GIVEN DATA
--- START ---
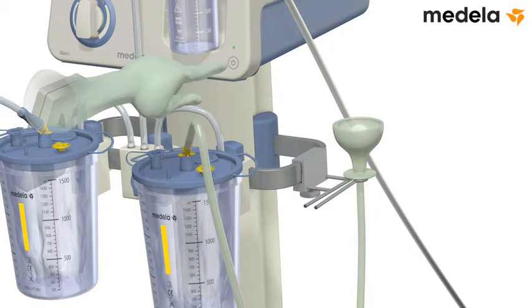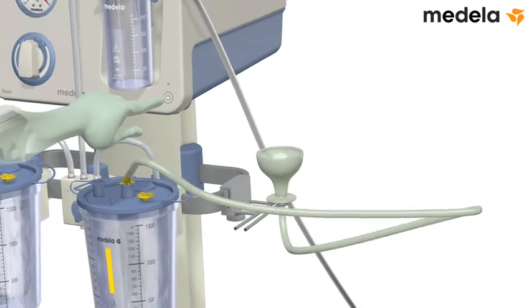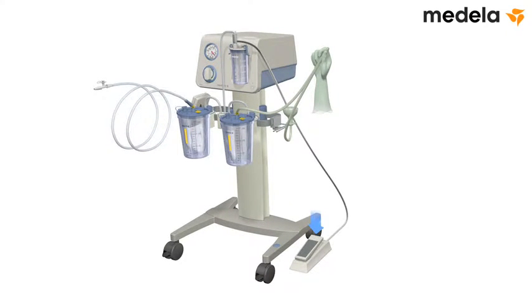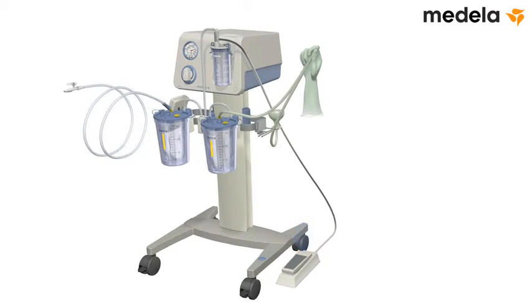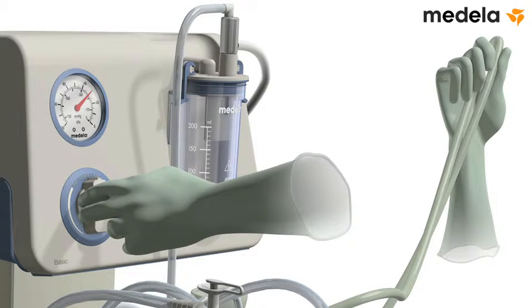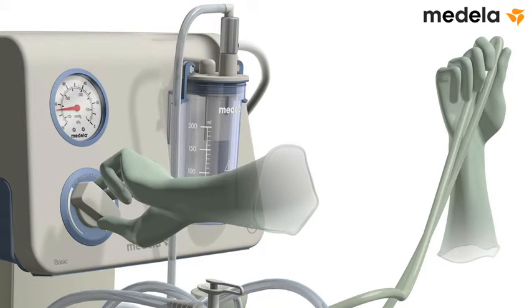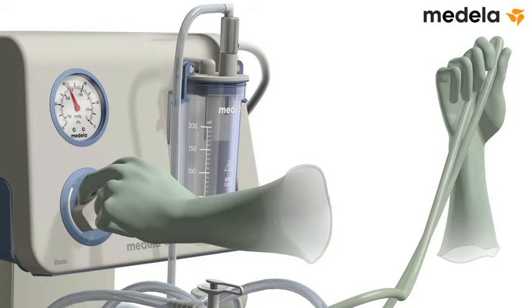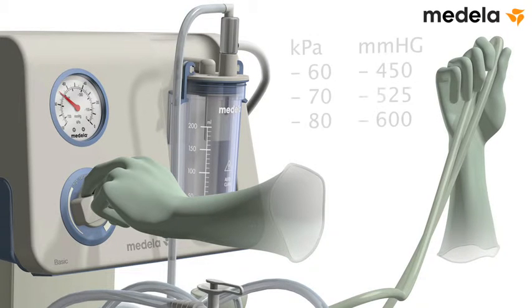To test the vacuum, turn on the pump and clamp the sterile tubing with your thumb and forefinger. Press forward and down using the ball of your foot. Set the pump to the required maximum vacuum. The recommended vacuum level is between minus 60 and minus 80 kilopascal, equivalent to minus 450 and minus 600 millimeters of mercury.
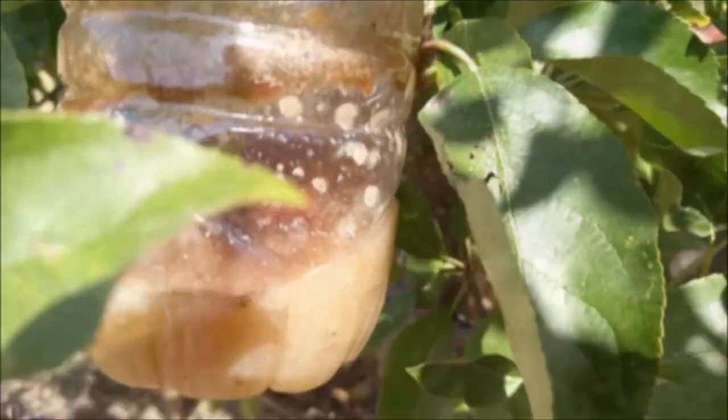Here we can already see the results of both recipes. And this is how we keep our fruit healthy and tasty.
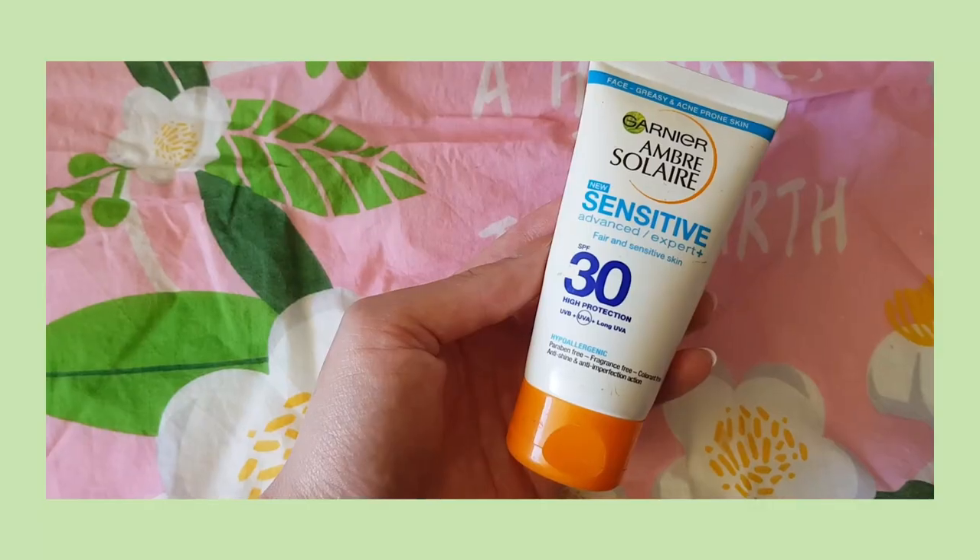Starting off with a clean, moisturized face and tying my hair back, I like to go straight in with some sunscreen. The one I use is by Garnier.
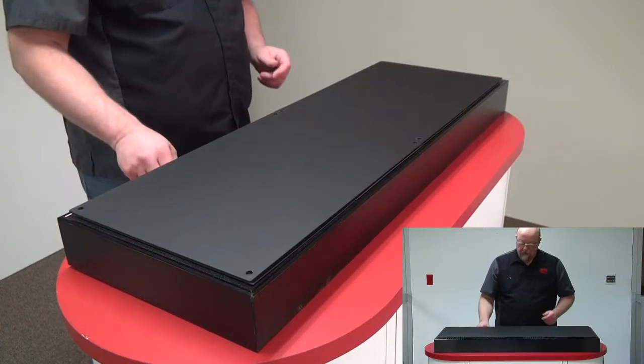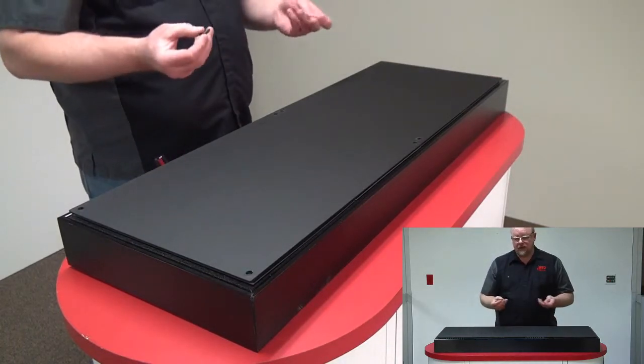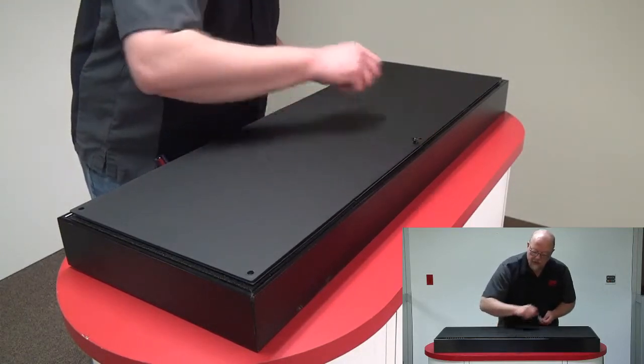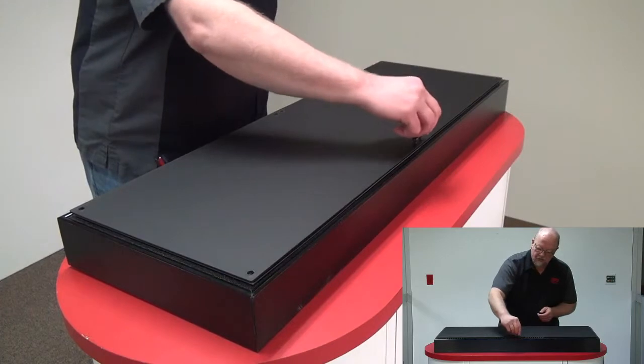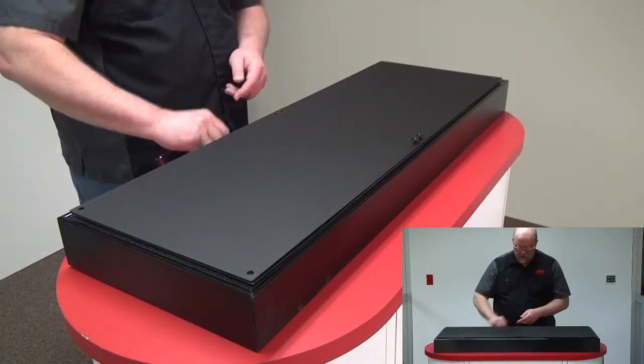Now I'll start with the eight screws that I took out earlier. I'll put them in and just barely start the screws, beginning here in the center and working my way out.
--- END ---
REQUIRED ACTION
Please print the lines exactly, from the top of the material through the line with "Starting off with", and omit the pictures.

RESPONSE TO THIS TASK
To test the vacuum, turn on the pump and clamp the sterile tubing with your thumb and forefinger. Press forward and down using the ball of your foot. Set the pump to the required maximum vacuum. The recommended vacuum level is between minus 60 and minus 80 kilopascal, equivalent to minus 450 and minus 600 millimeters of mercury.
Here we can already see the results of both recipes. And this is how we keep our fruit healthy and tasty.
Starting off with a clean, moisturized face and tying my hair back, I like to go straight in with some sunscreen. The one I use is by Garnier.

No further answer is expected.